Diagnosing neuronopathic Gaucher disease: New considerations and challenges in assigning Gaucher phenotypes

• Published in: Molecular genetics and metabolism Vol. 132; no. 2; pp. 49 - 58
• Main Authors: Daykin, Emily C., Ryan, Emory, Sidransky, Ellen
• Format: Journal Article
• Language: English
• Published: United States Elsevier Inc 01.02.2021
• Subjects: Blood-Brain Barrier - drug effects; Gaucher disease; Gaucher Disease - classification; Gaucher Disease - diagnosis; Gaucher Disease - drug therapy; Gaucher Disease - genetics; GBA1; Genetic Association Studies; Glucocerebrosidase; Glucosylceramidase - genetics; Humans; Neuronopathic; Newborn screening; Next-generation sequencing; Phenotype; Severity of Illness Index; Newborn screening; Neuronopathic; Glucocerebrosidase; GBA1; Gaucher disease; Next-generation sequencing
• ISSN: 1096-7192; 1096-7206
• DOI: 10.1016/j.ymgme.2021.01.002

Gaucher disease (GD), resulting from biallelic mutations in the gene GBA1, is a monogenic recessively inherited Mendelian disorder with a wide range of phenotypic presentations. The more severe forms of the disease, acute neuronopathic GD (GD2) and chronic neuronopathic GD (GD3), also have a continuum of disease severity with an overlap in manifestations and limited genotype-phenotype correlation. In very young patients, assigning a definitive diagnosis can sometimes be challenging.

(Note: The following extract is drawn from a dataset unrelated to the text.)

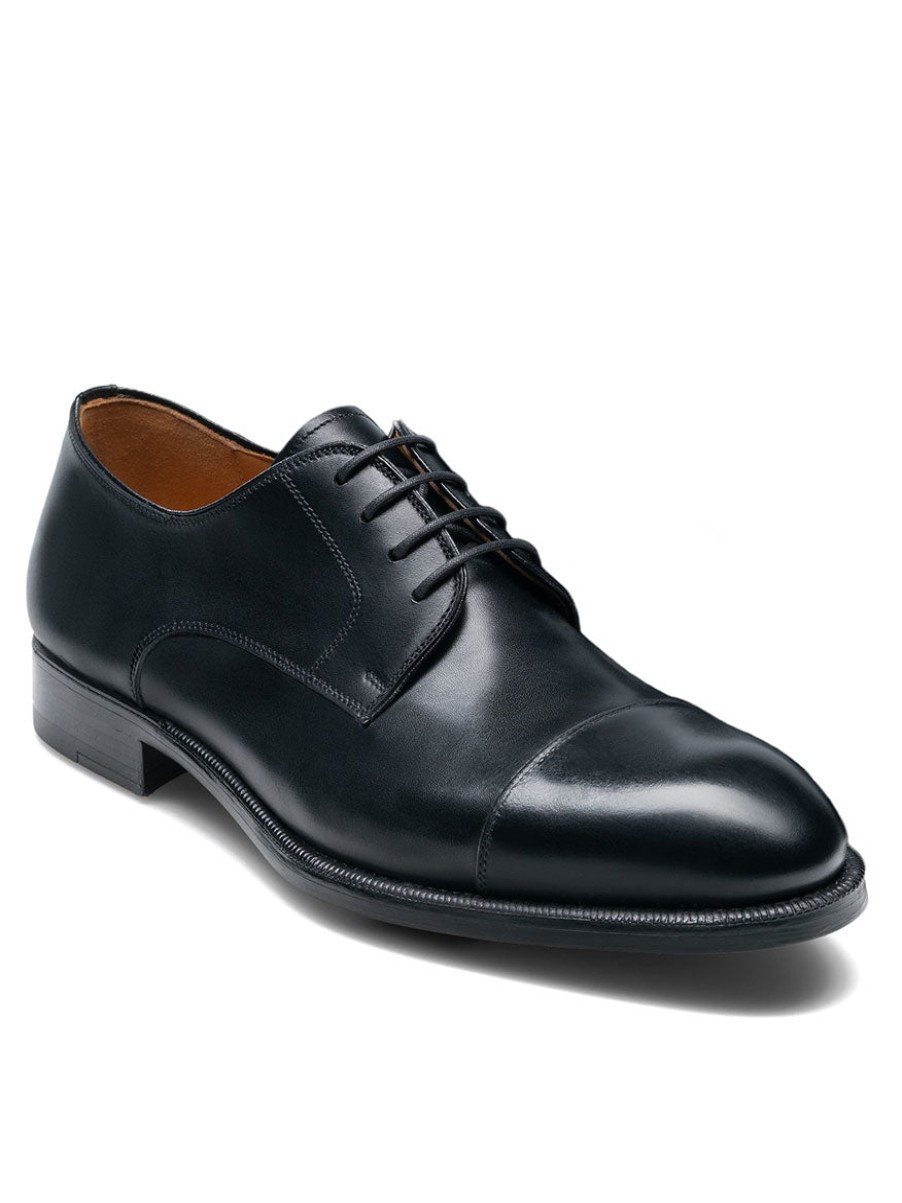 Men'S Magnanni Oxfords & Derbys | Harlan Black Shoes | Magnanni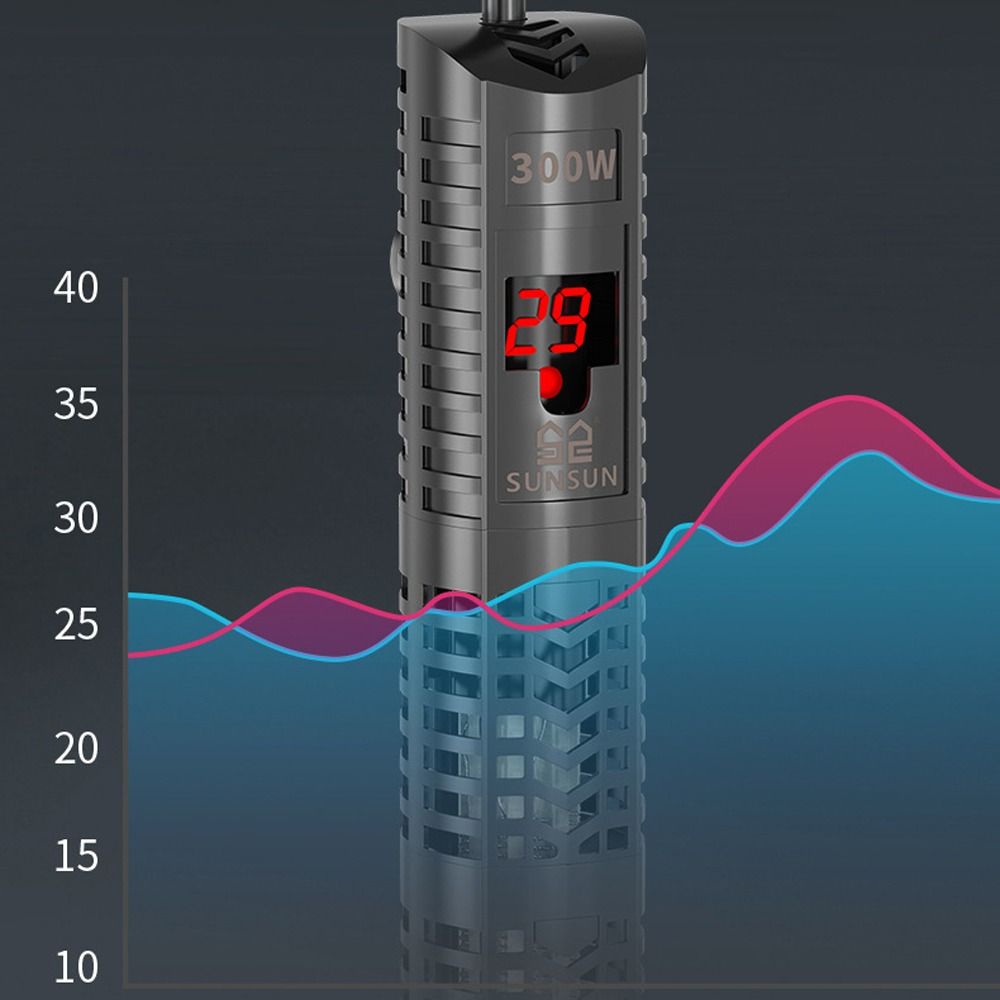 Регулируемый нагреватель для аквариума с ЖК-дисплеем, нагревательный стержень, резервуары для воды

Several recent studies highlight specific features of neuronopathic GD that may provide diagnostic clues. Distinguishing between the different GD types has important therapeutic implications. Currently there are limited treatment options specifically for neuronopathic GD due to the difficulty in delivering therapies across the blood-brain barrier. In this work, we present both classic and newly appreciated aspects of the Gaucher phenotype that can aid in discriminating between acute and chronic neuronopathic GD, and highlight the continuing therapeutic challenges. •Patients with Gaucher disease (GD) are now being diagnosed earlier in life.•Features of GD2 include abnormal swallow, stridor, hydrops fetalis, and ichthyosis.•In GD3, expect slowed horizontal saccades and prominent visceral involvement.•Small molecule chaperones and other brain-penetrant drugs are under development.•There are ongoing gene therapy clinical trials targeting GD.